TASK TO CARRY OUT:
Skip the pictures. Copy all the rest of the records down exactly.

++++++++++++++++++++

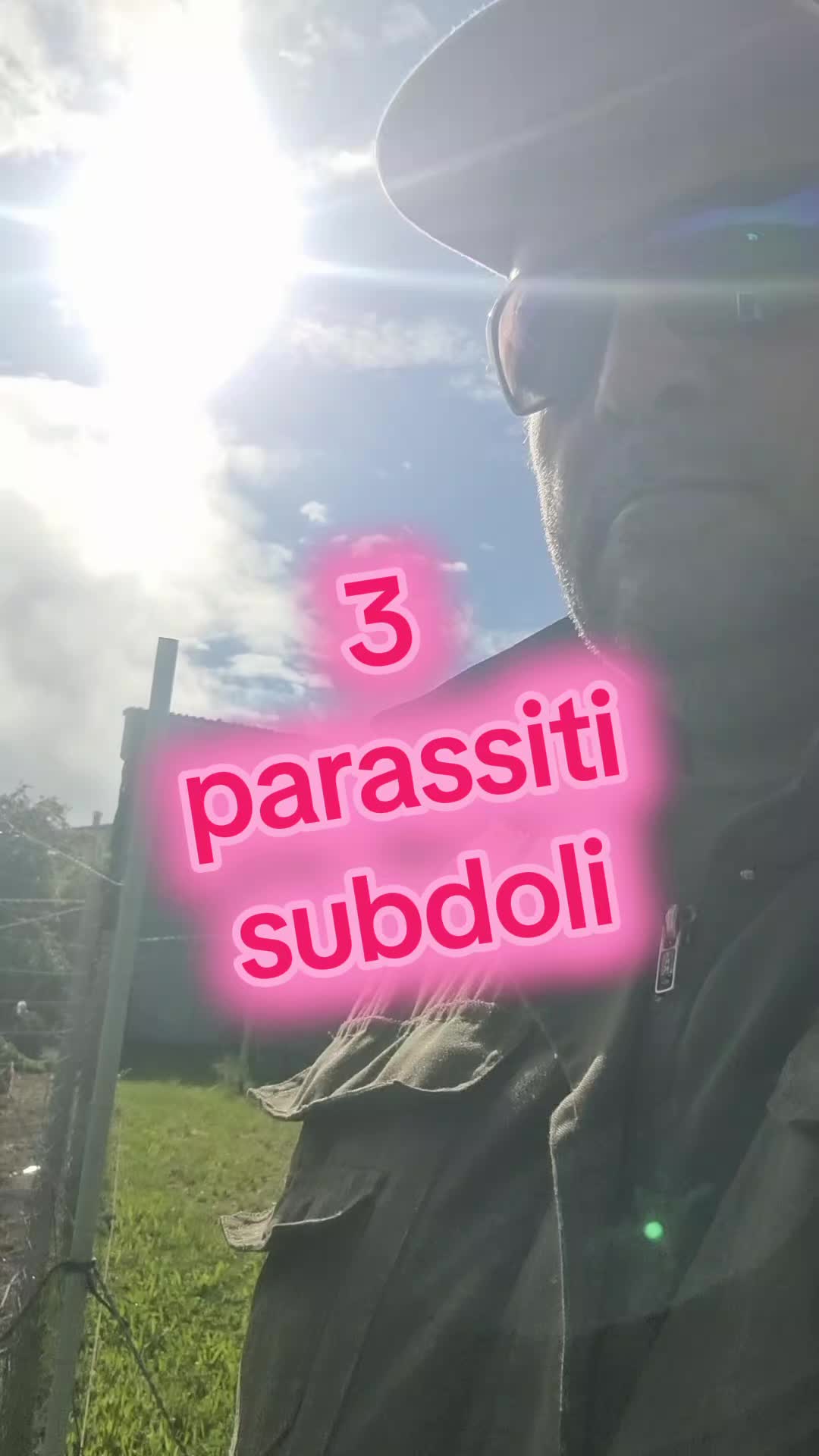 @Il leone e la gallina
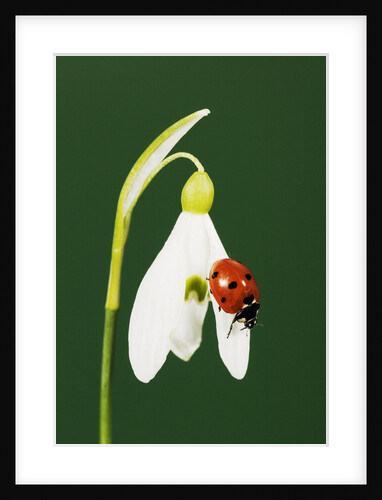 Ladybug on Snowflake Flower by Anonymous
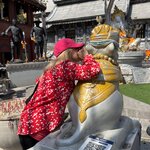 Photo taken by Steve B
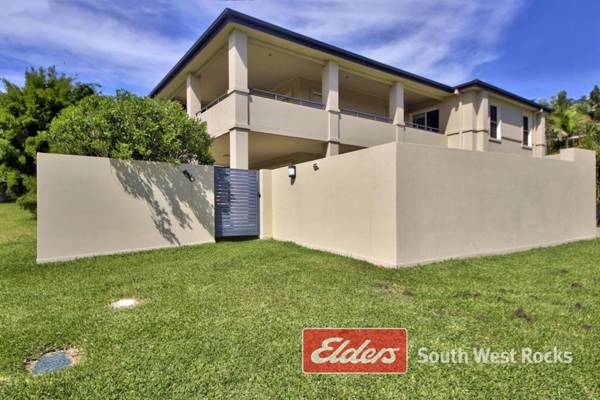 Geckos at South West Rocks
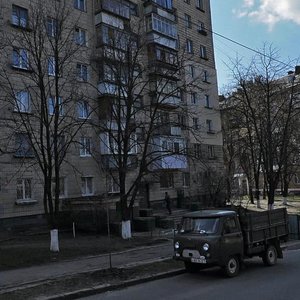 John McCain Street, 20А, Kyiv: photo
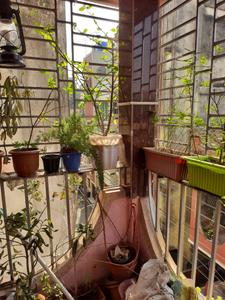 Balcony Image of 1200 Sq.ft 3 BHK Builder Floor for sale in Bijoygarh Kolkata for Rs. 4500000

++++++++++++++++++++

SOLUTION TO THIS EXERCISE:
 @Il leone e la gallina
 Ladybug on Snowflake Flower by Anonymous
 Photo taken by Steve B
 Geckos at South West Rocks
 John McCain Street, 20А, Kyiv: photo
 Balcony Image of 1200 Sq.ft 3 BHK Builder Floor for sale in Bijoygarh Kolkata for Rs. 4500000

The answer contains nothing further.